Smith College Botanic Garden
Course Catalog 2025-2026

Statistical and Data Sciences

SDS 100 Laboratory: Reproducible Scientific Computing with Data (1 Credit)

The practice of data science rests upon computing environments that foster responsible uses of data and reproducible scientific inquiries. This course develops students’ ability to engage in data science work using modern workflows, open-source tools and ethical practices. Students learn how to author a scientific report written in a lightweight markup language (e.g., markdown) that includes code (e.g., R), data, graphics, text and other media. Students also learn to reason about ethical practices in data science. S/U only. Students who have completed SDS 100 in a previous semester need not repeat it. Prerequisite: Concurrent registration in any SDS 192, SDS 210, SDS 290 or SDS 291. Enrollment limited to 30.

Fall, Spring

SDS 192 Introduction to Data Science (4 Credits)
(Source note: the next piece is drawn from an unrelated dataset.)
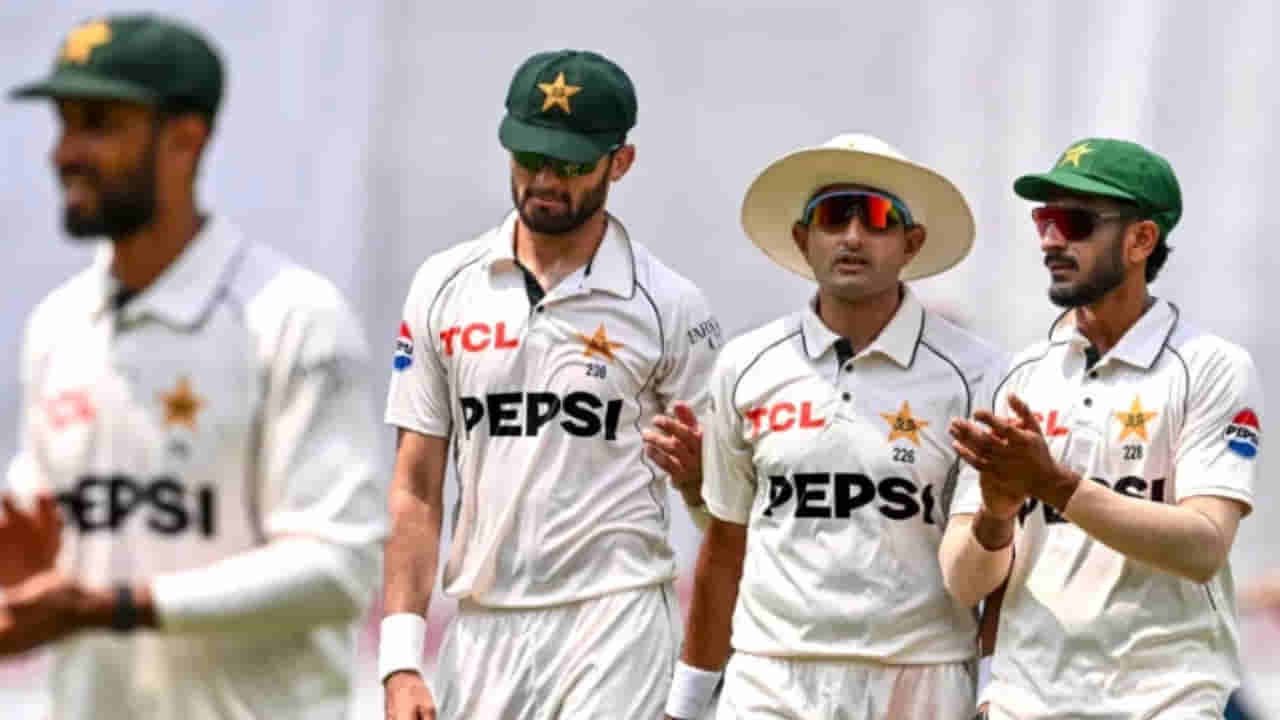 BAN vs PAK: 8 ಅಂಕಗಳೊಂದಿಗೆ ಭಾರಿ ದಂಡ; ಪಾಕ್ ತಂಡಕ್ಕೆ ಮರ್ಮಾಘಾತ ನೀಡಿದ ಐಸಿಸಿ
An introduction to data science using Python, R and SQL. Students learn how to scrape, process and clean data from the web; manipulate data in a variety of formats; contextualize variation in data; construct point and interval estimates using resampling techniques; visualize multidimensional data; design accurate, clear and appropriate data graphics; create data maps and perform basic spatial analysis; and query large relational databases. Students who have completed SDS 100 in a previous semester need not repeat it. Corequisite: SDS 100. Enrollment limited to 40. Mathematics

Fall, Spring

SDS 210 Introduction to Statistics (4 Credits)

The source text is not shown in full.